Mayor Beth Weldon (left), Deputy Mayor Michelle Bonnet Hale and Juneau Assembly member Paul Kelly discussion proposals for next year’s mill rate during an Assembly Finance Committee meeting on Wednesday night. (Mark Sabbatini / Juneau Empire)

Mayor Beth Weldon (left), Deputy Mayor Michelle Bonnet Hale and Juneau Assembly member Paul Kelly discussion proposals for next year’s mill rate during an Assembly Finance Committee meeting on Wednesday night. (Mark Sabbatini / Juneau Empire)

Assembly members support lower 10.04 mill rate ahead of final vote on next year’s CBJ budget

Initial proposal called for raising current rate of 10.16 mills to 10.32 mills.

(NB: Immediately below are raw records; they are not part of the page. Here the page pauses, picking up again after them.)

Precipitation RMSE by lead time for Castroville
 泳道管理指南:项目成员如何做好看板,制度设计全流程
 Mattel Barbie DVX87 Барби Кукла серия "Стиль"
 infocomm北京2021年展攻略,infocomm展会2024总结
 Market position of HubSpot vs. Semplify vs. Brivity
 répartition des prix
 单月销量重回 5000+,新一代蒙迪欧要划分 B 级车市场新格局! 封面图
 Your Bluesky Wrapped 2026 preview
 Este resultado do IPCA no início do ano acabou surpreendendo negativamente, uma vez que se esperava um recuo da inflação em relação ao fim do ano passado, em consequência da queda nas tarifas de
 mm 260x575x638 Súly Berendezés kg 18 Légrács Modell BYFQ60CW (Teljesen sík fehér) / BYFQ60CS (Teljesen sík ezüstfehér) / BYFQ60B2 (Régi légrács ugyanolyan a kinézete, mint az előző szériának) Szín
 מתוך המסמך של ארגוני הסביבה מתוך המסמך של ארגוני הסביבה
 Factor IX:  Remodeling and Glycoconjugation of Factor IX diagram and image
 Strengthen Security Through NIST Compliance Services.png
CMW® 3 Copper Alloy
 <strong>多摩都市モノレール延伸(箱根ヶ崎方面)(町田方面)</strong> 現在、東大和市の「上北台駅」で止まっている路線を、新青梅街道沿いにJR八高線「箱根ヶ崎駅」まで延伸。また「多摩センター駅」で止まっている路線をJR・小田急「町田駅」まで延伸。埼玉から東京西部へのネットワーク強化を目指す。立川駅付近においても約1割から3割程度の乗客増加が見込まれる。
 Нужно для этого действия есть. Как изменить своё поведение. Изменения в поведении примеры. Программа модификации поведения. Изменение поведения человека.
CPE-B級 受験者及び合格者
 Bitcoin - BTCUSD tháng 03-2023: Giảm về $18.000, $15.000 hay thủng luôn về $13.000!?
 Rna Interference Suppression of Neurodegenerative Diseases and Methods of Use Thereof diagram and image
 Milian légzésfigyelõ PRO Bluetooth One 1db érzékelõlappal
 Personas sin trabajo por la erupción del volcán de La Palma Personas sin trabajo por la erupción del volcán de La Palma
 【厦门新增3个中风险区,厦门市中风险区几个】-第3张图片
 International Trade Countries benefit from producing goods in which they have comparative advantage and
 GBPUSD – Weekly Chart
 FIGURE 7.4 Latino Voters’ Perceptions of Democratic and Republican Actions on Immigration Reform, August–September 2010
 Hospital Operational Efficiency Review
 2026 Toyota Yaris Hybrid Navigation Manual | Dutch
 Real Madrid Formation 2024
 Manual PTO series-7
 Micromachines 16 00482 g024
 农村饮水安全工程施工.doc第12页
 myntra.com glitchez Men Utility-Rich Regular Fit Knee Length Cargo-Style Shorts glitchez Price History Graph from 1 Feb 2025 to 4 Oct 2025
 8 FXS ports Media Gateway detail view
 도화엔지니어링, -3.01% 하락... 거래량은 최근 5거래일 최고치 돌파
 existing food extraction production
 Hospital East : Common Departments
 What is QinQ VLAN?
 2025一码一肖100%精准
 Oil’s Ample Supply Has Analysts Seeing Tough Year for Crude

Lowering the property tax rate to 10.04 mills for the fiscal year starting July 1, compared to the current rate of 10.16, got initial approval by Juneau Assembly members as they put the final touches on next year’s proposed municipal budget during a meeting of their finance committee Wednesday night.

The full Assembly is scheduled to take up final consideration of the budget, including an opportunity for public testimony, at a special meeting at 6 p.m. June 3. Adoption of the budget is required by ordinance by June 15.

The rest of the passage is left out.